Problem description
Find the word "Home" in the listing below. Copy every line that has it.

Dataset excerpts
^^^^

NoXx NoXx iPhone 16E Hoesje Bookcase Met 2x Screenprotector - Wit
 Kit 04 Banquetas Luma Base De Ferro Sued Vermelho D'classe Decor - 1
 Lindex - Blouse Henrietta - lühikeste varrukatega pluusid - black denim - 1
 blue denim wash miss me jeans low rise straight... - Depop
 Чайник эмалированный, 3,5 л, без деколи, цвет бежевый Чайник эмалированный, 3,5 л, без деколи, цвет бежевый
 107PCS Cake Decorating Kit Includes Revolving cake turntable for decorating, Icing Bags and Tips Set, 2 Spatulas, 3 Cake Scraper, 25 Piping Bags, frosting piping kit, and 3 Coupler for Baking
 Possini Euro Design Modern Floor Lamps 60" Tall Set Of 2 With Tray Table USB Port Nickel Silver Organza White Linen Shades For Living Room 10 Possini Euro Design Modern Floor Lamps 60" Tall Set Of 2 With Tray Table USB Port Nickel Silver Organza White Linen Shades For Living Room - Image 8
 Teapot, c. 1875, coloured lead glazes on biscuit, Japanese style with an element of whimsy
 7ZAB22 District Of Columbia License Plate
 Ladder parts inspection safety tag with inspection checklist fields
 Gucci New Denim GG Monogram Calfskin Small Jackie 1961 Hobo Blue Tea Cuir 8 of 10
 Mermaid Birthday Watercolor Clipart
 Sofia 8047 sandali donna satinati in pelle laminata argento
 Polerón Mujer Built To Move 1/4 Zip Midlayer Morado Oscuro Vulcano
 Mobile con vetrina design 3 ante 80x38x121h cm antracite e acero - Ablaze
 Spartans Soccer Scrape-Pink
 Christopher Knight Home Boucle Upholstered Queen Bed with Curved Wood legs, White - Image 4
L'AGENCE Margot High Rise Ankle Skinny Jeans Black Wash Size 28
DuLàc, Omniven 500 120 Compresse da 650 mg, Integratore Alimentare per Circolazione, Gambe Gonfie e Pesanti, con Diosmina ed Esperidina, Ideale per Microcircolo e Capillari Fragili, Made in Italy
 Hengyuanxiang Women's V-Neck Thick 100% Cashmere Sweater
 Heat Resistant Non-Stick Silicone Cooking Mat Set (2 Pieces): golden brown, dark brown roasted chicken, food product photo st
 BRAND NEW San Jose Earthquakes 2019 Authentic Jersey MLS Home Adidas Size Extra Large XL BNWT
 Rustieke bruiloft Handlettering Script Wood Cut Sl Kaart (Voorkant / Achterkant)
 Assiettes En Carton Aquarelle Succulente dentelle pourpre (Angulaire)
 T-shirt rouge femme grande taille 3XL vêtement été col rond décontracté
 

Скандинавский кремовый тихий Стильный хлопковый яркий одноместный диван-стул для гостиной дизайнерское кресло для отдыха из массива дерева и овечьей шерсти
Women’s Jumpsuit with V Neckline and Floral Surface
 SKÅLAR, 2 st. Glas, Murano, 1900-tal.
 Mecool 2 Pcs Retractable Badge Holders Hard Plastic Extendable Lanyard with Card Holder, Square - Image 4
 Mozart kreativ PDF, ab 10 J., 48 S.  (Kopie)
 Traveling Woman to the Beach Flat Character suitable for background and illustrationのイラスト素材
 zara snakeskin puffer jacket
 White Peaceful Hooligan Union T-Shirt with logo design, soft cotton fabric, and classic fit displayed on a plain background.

^^^^

Task response
 Christopher Knight Home Boucle Upholstered Queen Bed with Curved Wood legs, White - Image 4
 BRAND NEW San Jose Earthquakes 2019 Authentic Jersey MLS Home Adidas Size Extra Large XL BNWT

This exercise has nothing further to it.